Saturday, January 30, 2010

Another One of Those Annoying "When I Was a Kid" Posts

Before any recess or heading for the bus on a wintry school day, the classrooms and hallways of my elementary school were filled with winter boots.

They were not the sleek and stylish kind of today that are warm and water proof. No, these were the kind with shoddy metal buckles that, after clasping properly for a month or so, would partially tear free from the boot leaving a hole where the buckle had been attached.

This type of boot was perhaps the most common and was an item designed to do nothing more than keep a foot warm and dry. Yet, when a hole appeared and when the sole purpose of the product was lost, we didn't get brand new boots to replace the old ones. Ingenious mothers knew how to get a full winter out of a pair of buckleless boots--the bread wrapper.

When I was a kid in elementary, nearly every other kid getting ready for a jaunt outside the building had his foot inside of a sock that was inside of a plastic bread wrapper that was inside of a boot. Lumberjack and Wonder were in style! I suppose it was too commonplace to be embarrassing--it is just the way that it was.

I don't think that the bakers of those days intended their bread wrappers to serve as foot liners inside mildewy boots. If they had loaves might have taken on a more foot like shape and the plastic itself might have been slightly thickened at the heel and toe. Concerned mothers might have purchased bread not for its softness or flavor, but rather for the wrapper's seam strength and toe-room.

That was the 60s.

In an educational conversation I had with my own ingenious Mother the other day, the discussion turned to even older days when nearly every mother sewed, spent hours ironing well starched clothes, and reused cereal packaging to wrap sandwiches.

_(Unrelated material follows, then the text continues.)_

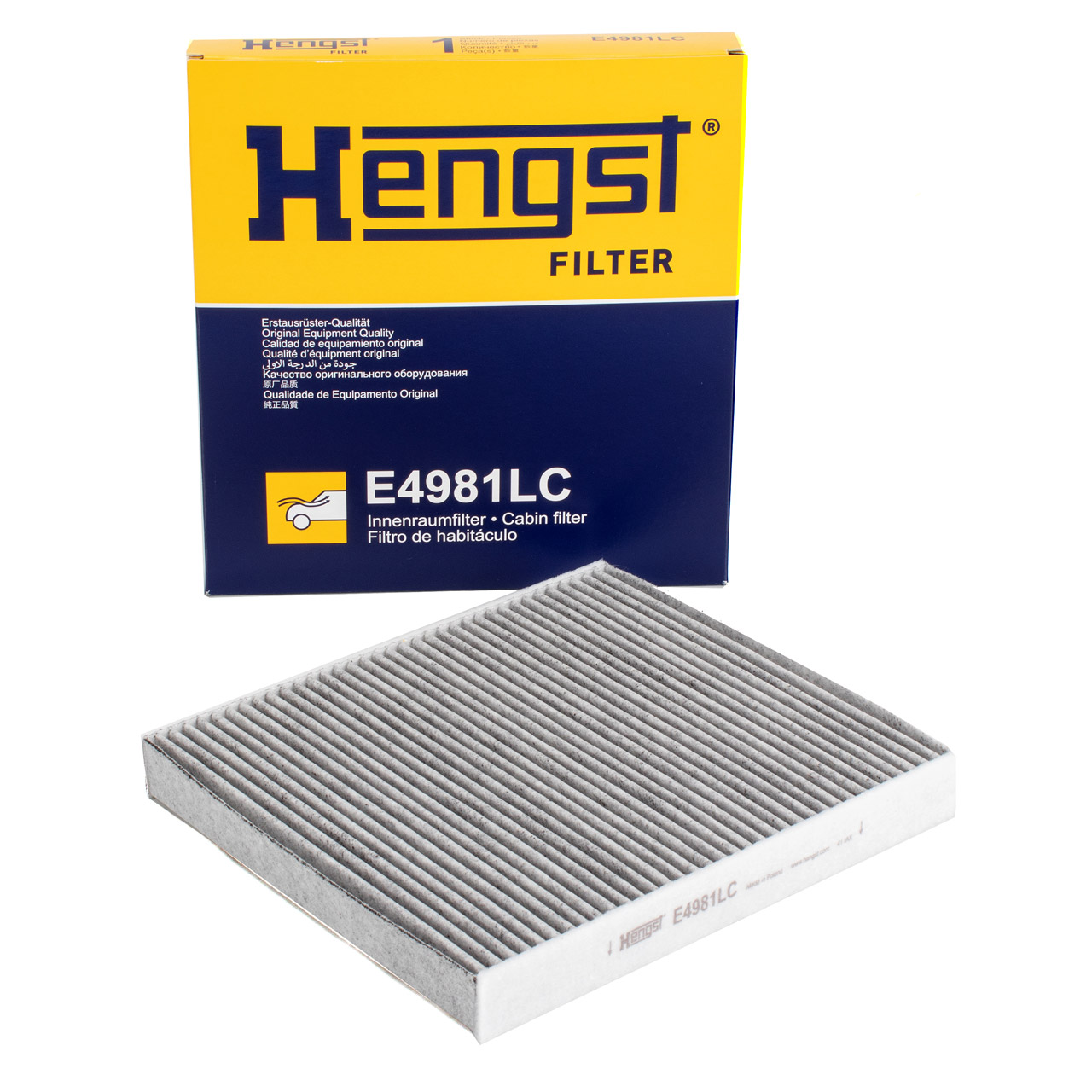 Lọc gió điều hòa than hoạt tính Hengst E4981LC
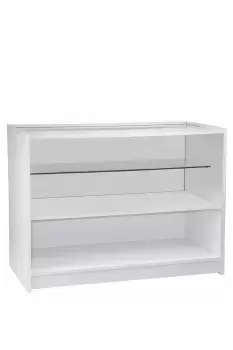 Image of C1200 Retail Shop Counter - Brilliant White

One shocking component of Americana that I had never been made aware of before was the "feed sack dress."

When it was first mentioned I had this mortifying image of stylish teen girls strutting their stuff inside a burlap wrap. I wondered immediately if unfortunate (and dateless) girls spent a lot of time scratching themselves.

I was assured that all the girls wore them back in the day and that the feed sacks, unlike my childhood's bread wrappers, were manufactured precisely so that they could be used to make dresses, quilts, and (hopefully for all little boys everywhere) not trousers.

Prints, stripes, and bold colors dominated the feed sack market of yesteryear so that their recycled forms could become the sleeves and pleats of a generation. We are a disposable society today, and honestly, on many levels it is difficult for me to feel any real guilt over it.

We live in an entirely different world than that of only a few decades ago, and most of these changes have been good. We have boots that stay dry and warm on the inside and thankfully my daughter will depend on neither the feed store nor my sewing skills for her prom dress.

When my children are in their fifties I might let them in on the bread wrapper story. Their gasps will portend visions of disadvantaged ruralites with freezing feet at the mercy of a nasty Michigan winter.

I sincerely hope that when my kids finally reach my advancing age that they will remember the times of their yesteryears; times when their iPods had only 8 gigs and what was called television was but two-dimensional.